◆ Your assignment:
Print out the data precisely as it appears here, with no pictures.

◆ Input data:
Segment Open

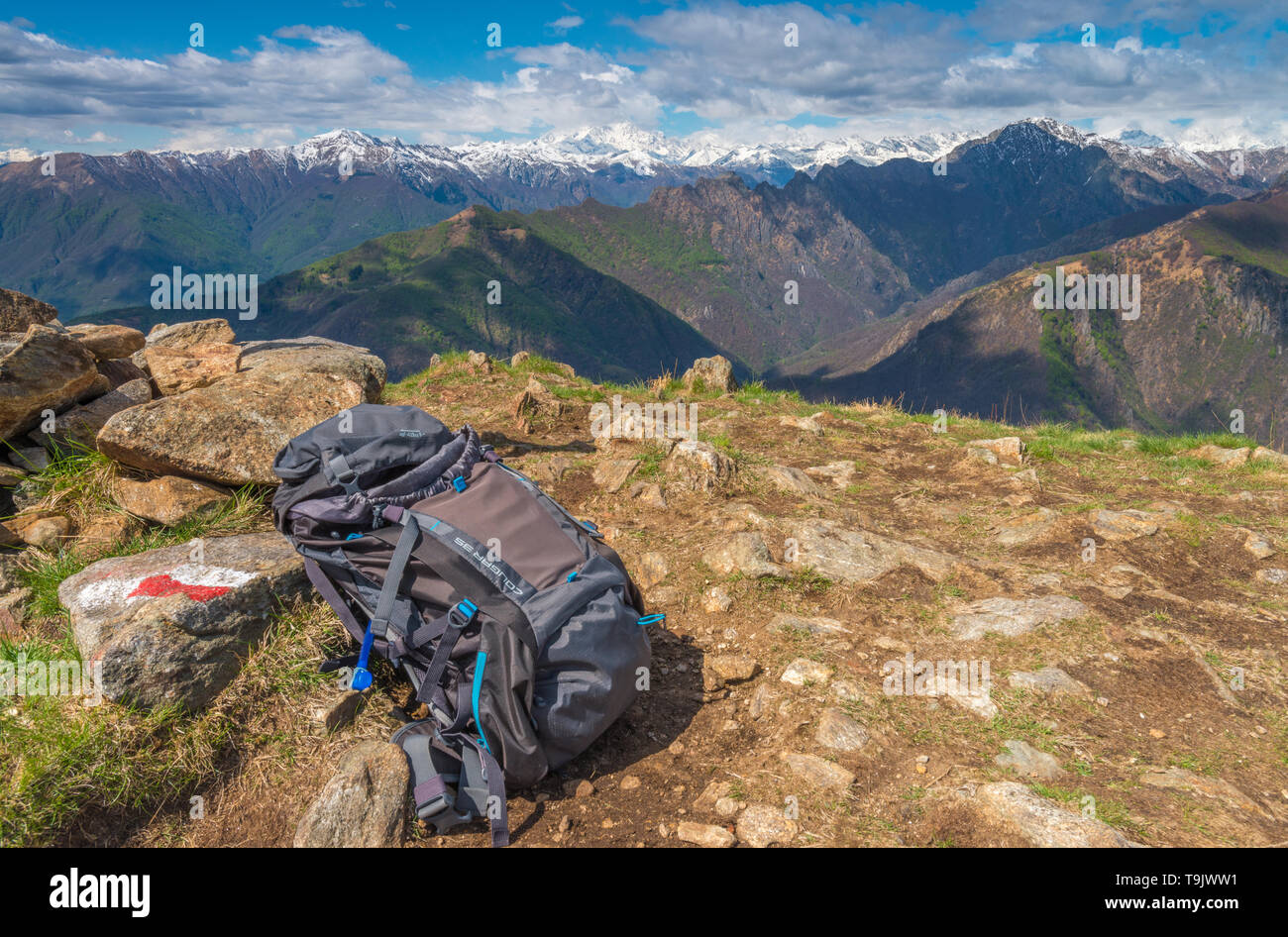 Vista del vertice di montagne dalle vette innevate, zaino, segnavia o modo marcatore, nel Nord Italia Alpi del Piemonte, guardando il Monte Rosa. Foto Stock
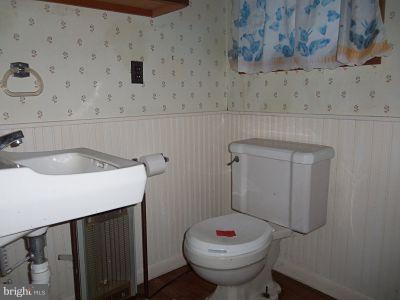 1430 Town Point Road Cambridge, MD 21613 - Photo 14 of 16 Bath
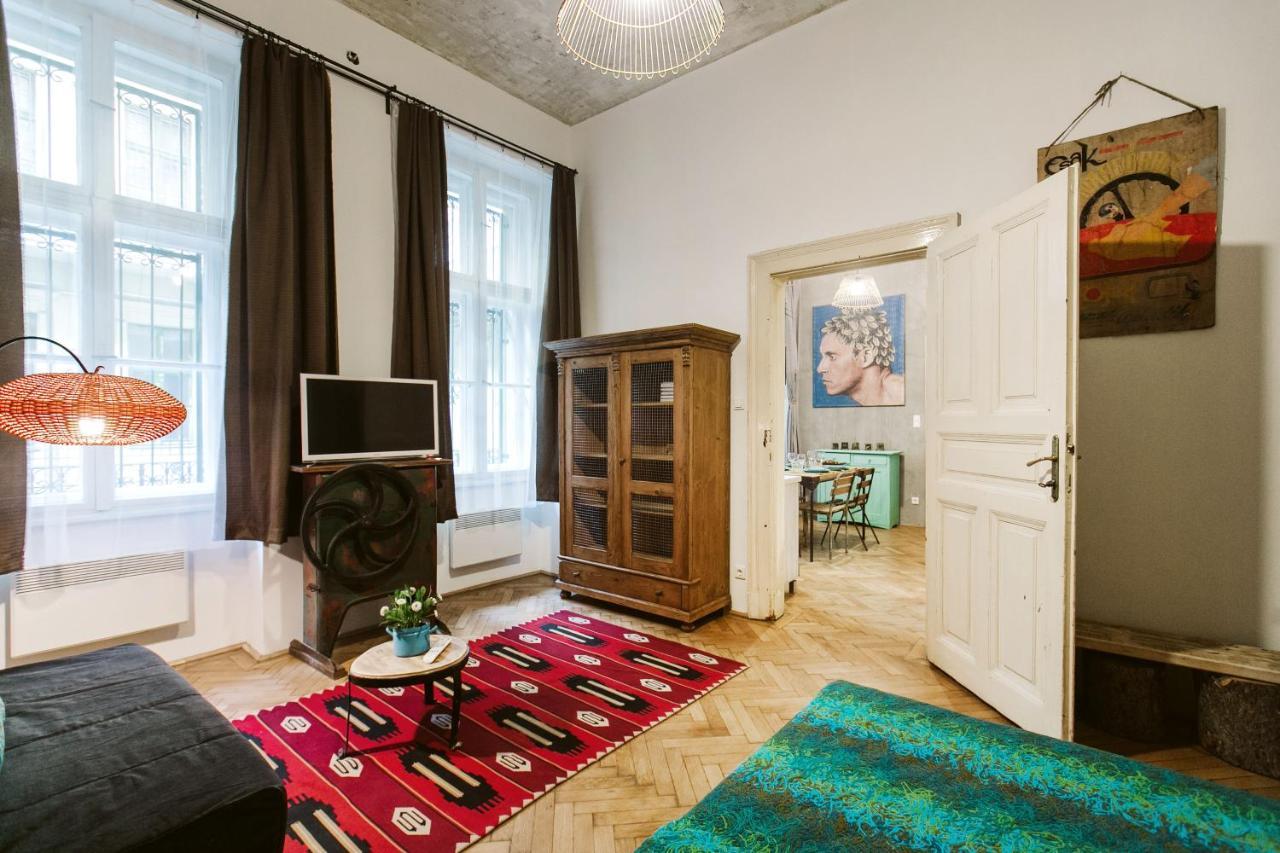The Art Of Home Budapest Exterior photo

Segment Closed

◆ Solution to this problem:
 Vista del vertice di montagne dalle vette innevate, zaino, segnavia o modo marcatore, nel Nord Italia Alpi del Piemonte, guardando il Monte Rosa. Foto Stock
 1430 Town Point Road Cambridge, MD 21613 - Photo 14 of 16 Bath
The Art Of Home Budapest Exterior photo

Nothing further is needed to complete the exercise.